Many farmers dream of passing the family business to the next generation, but a strong business relationship between two generations is a two-way street.
Avoiding the potholes is the key. The older generation needs to give up some control and decision-making, and the younger generation needs to prepare and adjust their work and communication skills to get the partnership started on the right foot.
Over the years, Howard Halderman with Halderman Farm Management in Wabash, Ind., has seen what works and what doesn't when the younger generation comes into the farm operation. He frequently speaks at Purdue University, advising students how to prepare to go back to the farm.
The following are five steps he says make that transition successful.
1. Outside experience is beneficial. "I wouldn't trade my off-farm experience for anything," said Kimberly Snyder of Logansport, Ind., who worked for five years for an accounting firm before returning to her family farm. "I learned computerized accounting and I learned how to relate to 13 plant managers who were our clients. That has helped me deal with vendors, advisers and landowners."
Traveling overseas can also expand your perspective. Emily Hirsch, who farms with her family in Fort Branch, Ind., visited China as a student at Purdue.
"You see the world and agriculture from a different perspective. You really appreciate things at home much more," said Hirsch.
2. Interview and negotiate for your position on the farm. "Ask for a job description," advised Halderman. "If your parents farm with siblings or parents, have everyone in the room talk about expectations and compensation." Carve out specific responsibilities that you'll be in charge of such as herbicide purchase/application or technology implementation.
3. Learn all types of jobs. "Even though you want to work into management, no job should be too low for you," Halderman said. "You have to start at the ground floor and earn the respect of hired labor and management. That could mean tearing out fence, picking up rocks or farmstead clean-up, in addition to your other duties."
4. Contribute ideas and be involved in decisions. "If your goal is to eventually manage the farm, don't just drive the tractor. Your job is to add value to the farm operation," said Halderman. "If you need a new planter, you can do the research and recommend the top three, with reasons, even if Dad makes the final call."
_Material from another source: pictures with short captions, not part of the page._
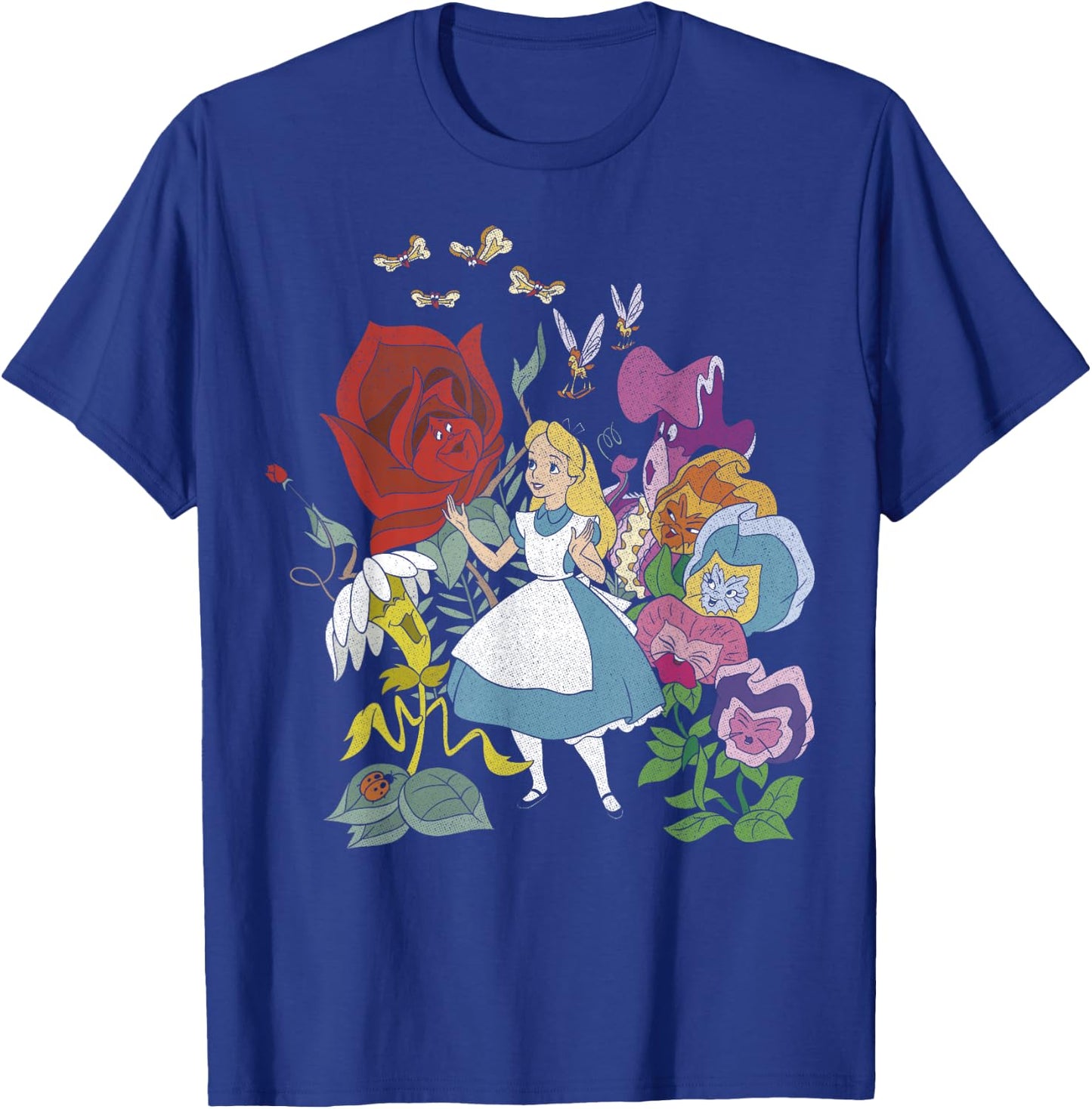 Disney Alice in Wonderland Alice in The Flowers Small T-Shirt - T-Shirt | Royal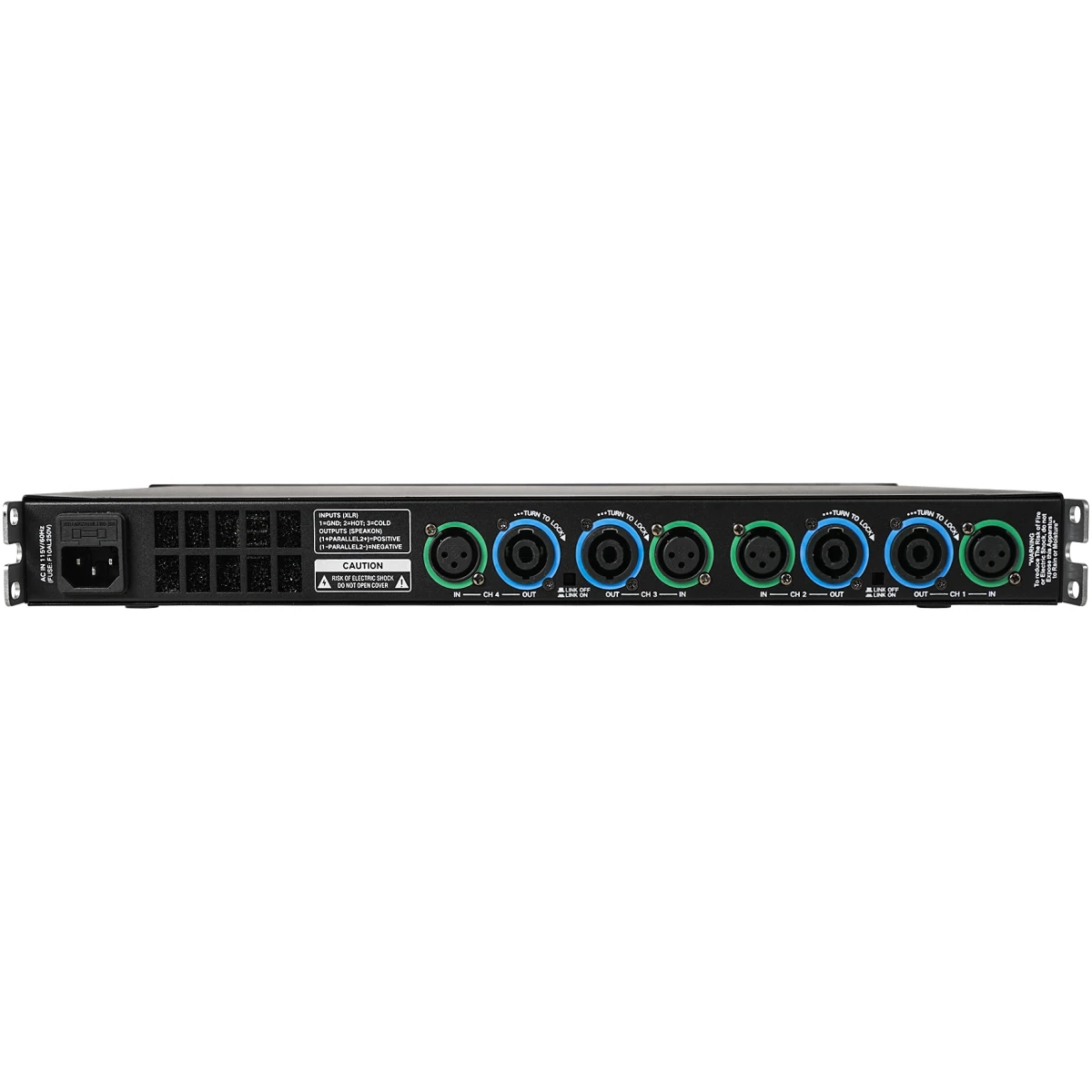 Sound Town UPDM-Q3 4-Channel PA/DJ Amplifier - Image 4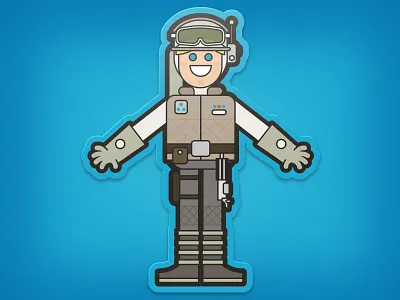 Space Farm Boy character design childrens illustration digital art disney illustration kidlit kids art lucasfilm star wars vector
Snyder came back from TEPAP (The Executive Program for Agricultural Producers) management course excited about writing a farm newsletter for landowners and employees. "Dad said it would be a waste of time and energy. Five years later, I finally convinced him we should do it and we got such positive feedback, it's grown from one to four or five pages and we write it quarterly," Snyder said. "It has a crop update, a business update, something on safety, a recipe, a "Kids Korner" and birthdays and anniversaries of everyone involved in our operation, including landowners.
"The landowners love it," noted Snyder. "It shows we care and include them as part of our family. We've had several landowners thank us for putting their birthdays in the newsletter and sending them a card. It probably takes us a full day to put it together. But it has really helped make working with our landlords easier. Our landowners know what's been going on in our operation. We don't have to catch up on a full year of what we've done."
5. Know weaknesses of the current operation and work to strengthen them.
"You may not be bad at anything, but there may be weaknesses in your operation," said Halderman. "Is there a place where you can add value to the farm -- develop financial reports for the banker, improve your commodity marketing, use better technology on the farm?"
Take classes in college that will strengthen those weak areas, Halderman advised.
"I took an elective in school on farmstead planning -- how to set up a grain storage facility. It was fascinating. Most of the time, the professor will let you use your farm as your class project."
Identifying your strengths and weaknesses is a precursor to developing a strategic plan for your family's business. When the next generation comes back to the farm, discussing a long-term plan heads everyone in the same direction, said Halderman. Ask where do you and your farm operation want to be next year, or in 5 or 10 years? "Most businesses have long-range strategies. Why are farmers different?" asked Halderman.
Adding value and growing the business is the mantra for multi-generational farm businesses. Also, the enthusiasm of the younger generation is contagious. However, that also runs both ways. "My dad loves what he does. His excitement for his job has been passed onto me," said Hirsch. "I can't wait to go to work every day."